She emphasised the feminist argument since looking after children affects both women’s earning capacity and career progression. 

Although her audience contained many professional and highly educated women, there was no cheering. Might this be because what stops many women working now – whether they are mothers or not – is the lack of jobs?

Finance secretary John Swinney’s projection that free childcare will create 2,000 jobs begs the same question. Free childcare is supposed to be funded by all the extra tax that will pour into Scottish coffers from working mothers, but from where will all these new jobs for women come?

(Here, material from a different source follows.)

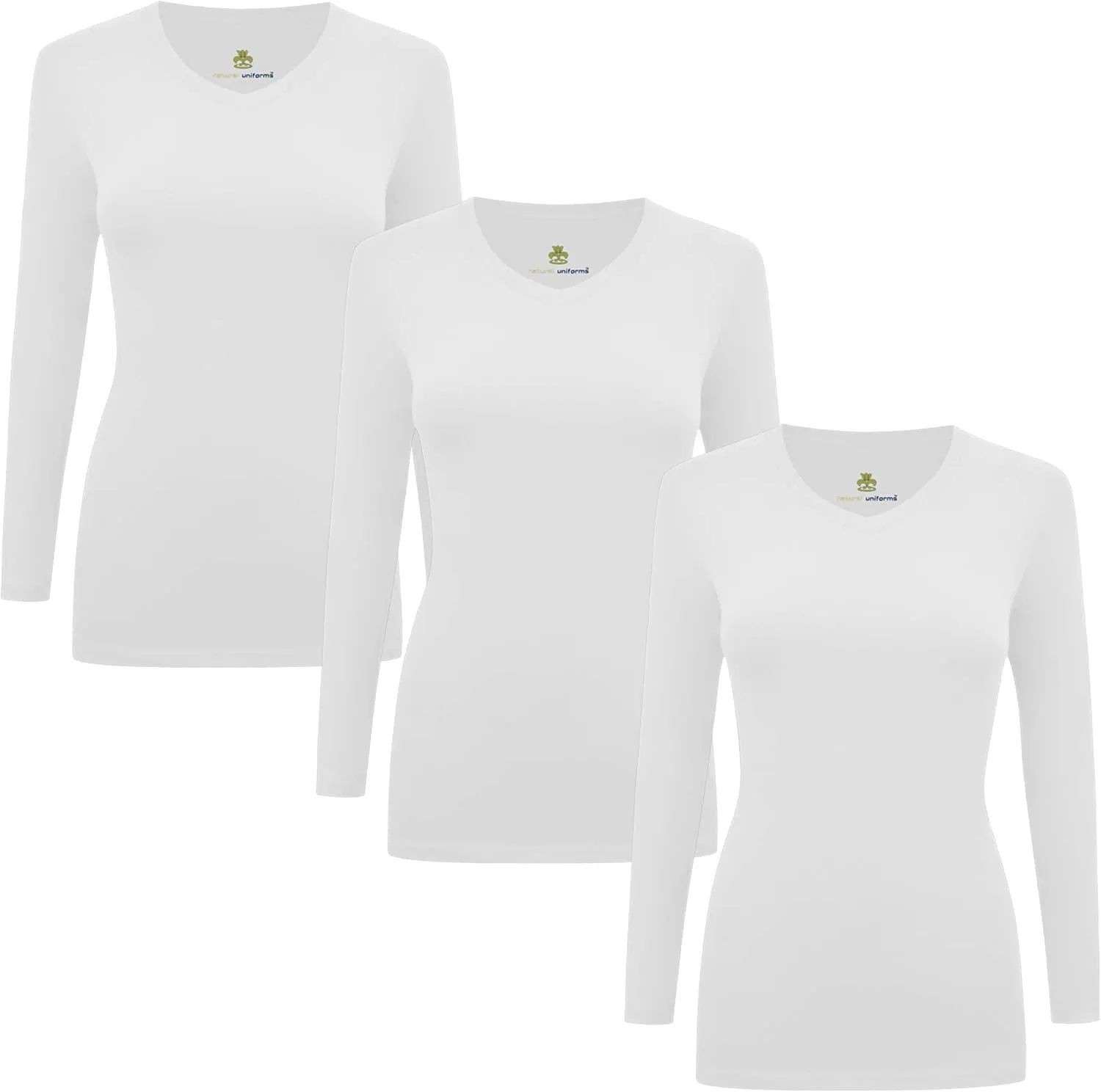 M&M Scrubs Women's Long Sleeve V-Neck Under Scrub Stretch T-Shirt-3-Pack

Ms Sturgeon could not ­answer this question. Doubtless, the massive bureaucracy an independent Scotland will require will create new employment opportunities, as will increasing public spending, but all this ultimately ­depends on private sector investment to sustain it.

A working mother I know, whose Scottish-registered business turns over £3 million a year in England, is making contingency plans to transfer her company and head office entirely to England in case of independence.

The reason isn’t just all the uncertainty about tax and the economy in a newly independent Scotland, but the undoubted additional costs that running a business across two separate jurisdictions will bring.

I doubt her Scottish employees will be mollified by free childcare when they receive their P45s.

Linda Holt



William Ballantine (Letters, 9 January) asks who gives the money for childcare. Since the revenue from Scotland which goes to Westminster is only about half of what is given back in the block grant, it is indeed the Scottish Government which pays for childcare, including free school meals for young children.

If we retained all of the revenues raised on income taxes, VAT, national insurance, whisky, oil, the shores, beaches and waters around Scotland, and monies raised on the 600 square miles of Scotland’s sea transferred to England, we would be able to put twice as much into such valuable ­activities. And those parents who save a little on food will be able to spend more on heating for their families, benefiting the economy.

It is not widely known that the first charge on the (half of the) money returned to Scotland as a direct “grant” is the entire cost of Trident – ­Coulport, Faslane and ­Aldermaston.

If this money were available, as it should be, it could be used productively for the benefit of people in Scotland.

Susan FG Forde

Main Street

Scotlandwell, Kinross-shire

In 2012, Scottish Labour’s leader Johann Lamont criticised what she described as the SNP’s “something for nothing” society. The subject of her ire in that speech was the provision in Scotland of universal entitlement to free prescriptions, the abolition of tuition fees and free bus travel for over-60s.

On Tuesday the First Minister announced the Scottish Government’s intention to introduce free school meals for all Primary 1-3 children in Scotland. This policy has the full support of the Child Poverty Action Group.

Sadly, it only brought scorn and criticism from Mrs ­Lamont.

We now have the situation where Mrs Lamont has openly expressed opposition to free prescriptions in Scotland (despite the fact that the Labour Party introduced them in Wales) and free school meals in Scotland (despite the fact that they are going to be available to schoolchildren in England).

Added to this is her wish to introduce means testing for young people in Scotland who want to attend university and also to pensioners for their bus passes.

There is a great deal of unease within the Scottish trade union movement regarding Labour’s stance on Scottish independence and the party’s seeming willingness to do the Tories’ dirty work during the referendum.

Recent announcements of support for independence by Labour stalwarts such as John Mulvey and Charles Gray are a sign that all is not well in the Labour camp. The Scottish Labour leader’s open criticism of progressive policies is starting to sound very Tory – if not almost Thatcher-like – in its tone.

Free prescriptions are good enough for Labour in Wales. They should be good enough for the people of Scotland. Free school meals are good enough for children in England. Why does Mrs Lamont not want Scottish children to have them?

If the Tories had voiced the same opinions as Mrs Lamont on these matters they would have rightly been accused of being mean-spirited and anti-Scottish.